The benefits of BYOD

Staff often prefer the convenience of using their own laptops, smartphones and tablets to work. This allow greater flexibility along with better familiarity of the device and not needing to carry both a work and personal device. There are also some capital cost savings for businesses as the business does not need to procure extra devices if staff already have a device they can and want to use.

While at first glance this can seem like a great solution, there are some notable issues that can arise around security, provisioning and data management that need to be considered and managed.

The risks of BYOD

Data loss

It’s easier for accidental user data loss or leakage, with staff cutting or copying data from work services onto their personal devices. If that data is not stored correctly, there is a chance that that data can be lost. In the event of staff offboarding, if not done correctly and the staff member decides to “clean up” a synchronised folder, this change will propagate to the work storage, resulting in the detection and required restore of large amount of data.

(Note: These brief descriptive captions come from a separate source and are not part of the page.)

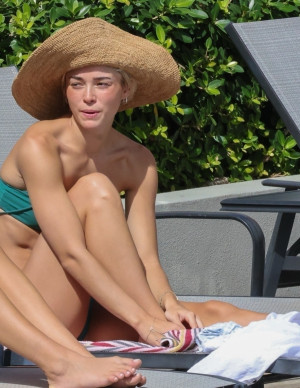 photos Olivia Livvy Dunne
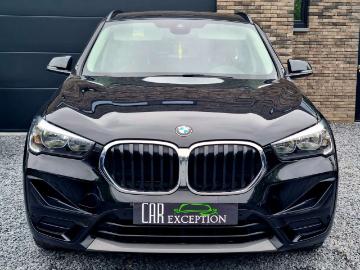 Bmw x1 2021 diesel bmw x1 1 5 da sdrive16 adblue eu6ap Bmw x1 2021 diesel bmw x1 1 5 da sdrive16 adblue eu6ap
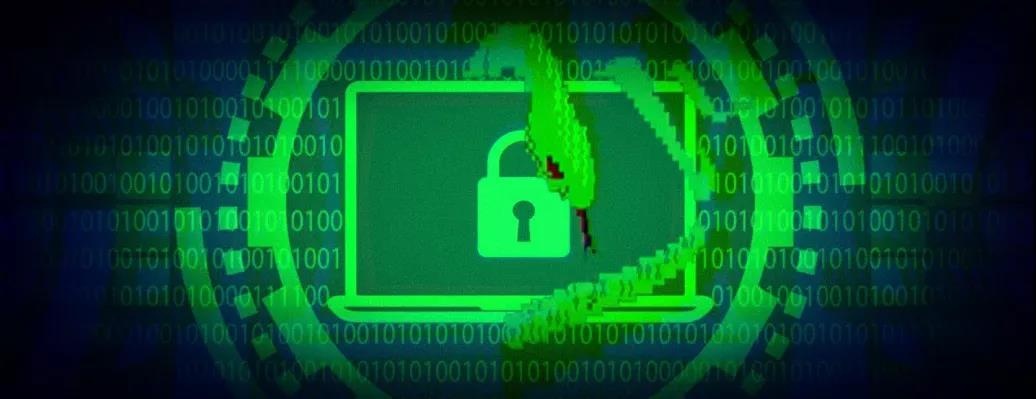 �������ǲ�-������ʱ�й�����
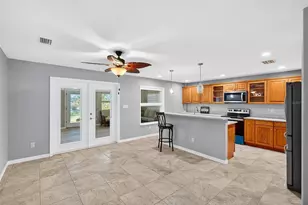 201 N West St, Interlachen, FL 32148 - Photo 34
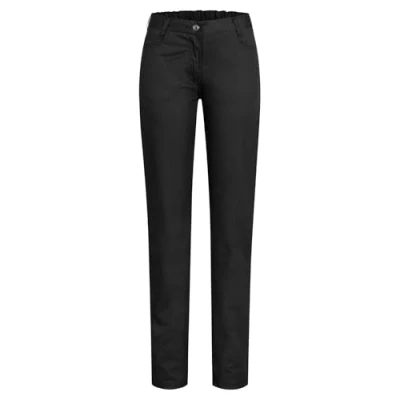 Abbildung von GREIFF Arbeitshose 5319 Cuisine Basic Regular Fit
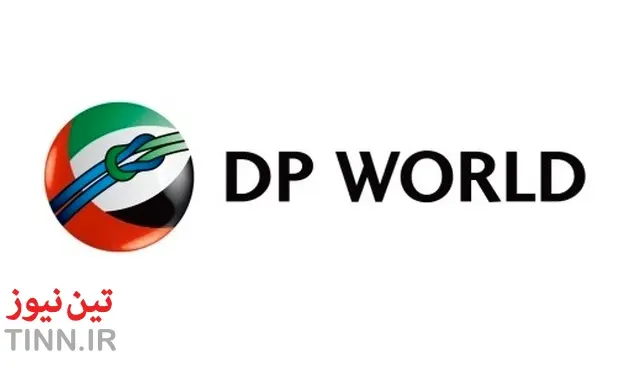 DP World issues Africa infrastructure finance warning
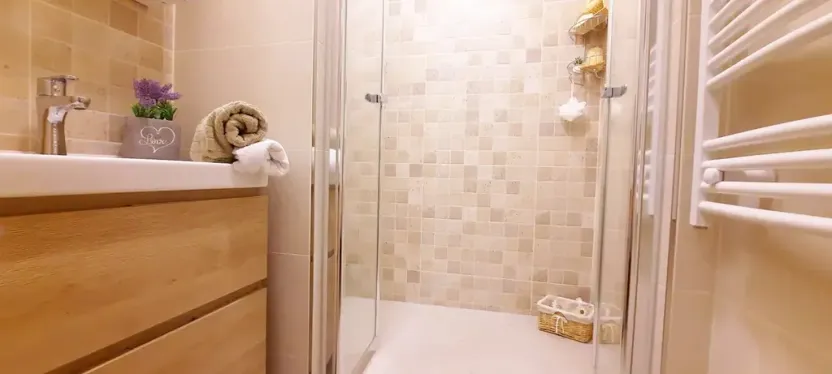 Pronájem bytu 1+1, Brno, Fričova, 46 m2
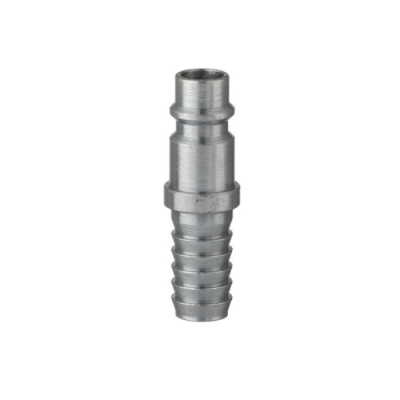 PCL XF-Euro Adaptor 9mm i/d Hose Tailpiece Pack of 2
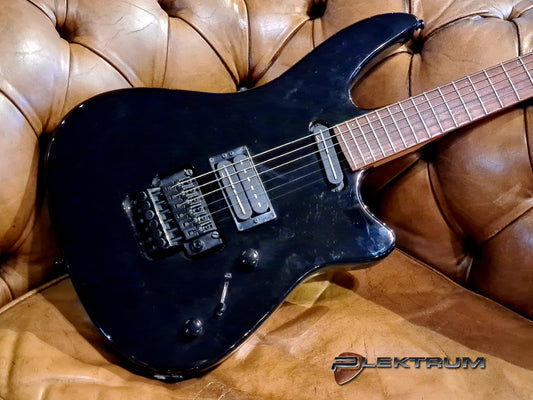 GODIN ESG80 el-guitar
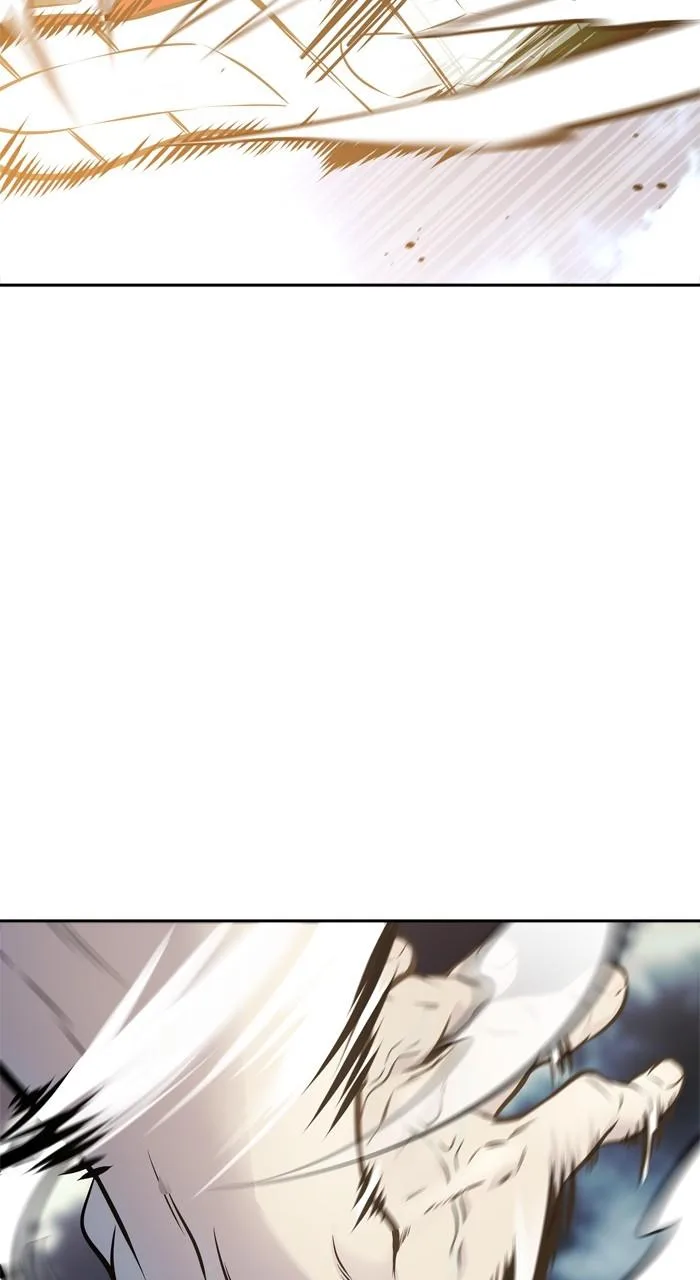 Tower of God - Chapter 600 - Page 21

This can be addressed by making sure there is clear separation of work and personal data, staff are adequately notified about data storage requirements and their BYOD devices are offboarded, if they leave the organisation.

Unauthorised data access

Many home devices are shared devices, and while Windows and MacOS can provide separate logins for different home users, more often than not multiple users share the same account. If that account is used to access work resources, family of the staff may inadvertadly have access to the organisational data.

Having separate profile logins for devices (such as one for work and one for personal), along with clear policies and expectations communicated to staff around shared home devices.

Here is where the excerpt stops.